That would be the “National Wildlife Refuge”
The 57,331 acres Refuge established in 1939 is located in Southern New Mexico and administered by the U.S. Fish and Wildlife Service. We caught the tail end of the migration of the Sandhill Cranes yet the best time being in the fall around Thanksgiving. The Reserve is open year-round providing safe harbor for its varied wildlife including present for us a few days ago thousands of Snow and Ross’s geese.
Every season has its highlights. In Winter times as right now, besides the cranes and geese there are intense endless flocks of ducks. Everyone during the daylight hours feeds on the corn fields situated North of the Refuge and on waves return to their nightly roost on the water ponds, referred as “fly-in”. In the morning at Sunrise it is then the other way around while they all take off in waves. Quite a show with their thundering sound of wing beats and calls almost deafening.

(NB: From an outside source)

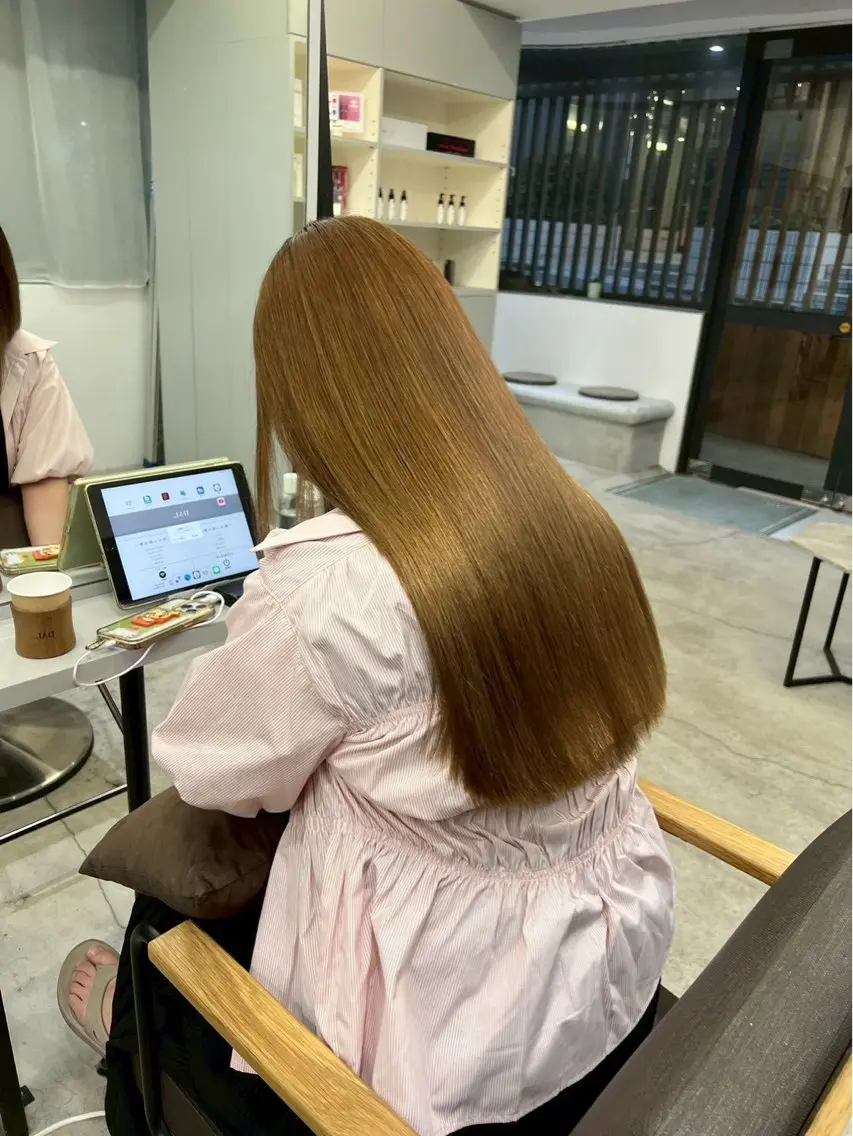 ロング パーマ 縮毛矯正 🍒モテ暖色カラー × うる艶✧ ゆなのヘアスタイル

The Visitor Center is very helpful, very pleasant with also a Nature Store and maps of the Refuge and the two loops [North and South] one can [and should!] drive. A reminder that on the East side of HIghway 1 where the main refuge is, dogs are not allowed outside the vehicles. They are allowed anywhere on the West side of the Highway. Highway which is just a two lane paved roads. There is no camping in the refuge but there is a large viewing area on the West side before the entrance sign [above] and dry camping is possible. Coming from the East on Highway 380, there is also much BLM land off the Highway North and Southbound. If you use a Benchmark map [one per State] you will find the very detailed informations.
The North and South loop roads are not paved but very doable with any car as very well maintained.
The wetlands that held thousands of ducks, geese and cranes in the winter are slowly drawn down in the spring, creating expansive mudflats and shallow areas for migrating shorebirds. At least 25 species of shorebirds visit the refuge each spring, including various sandpipers, ibis, stilts, plovers, phalarops, godwits, dunlins and curlews.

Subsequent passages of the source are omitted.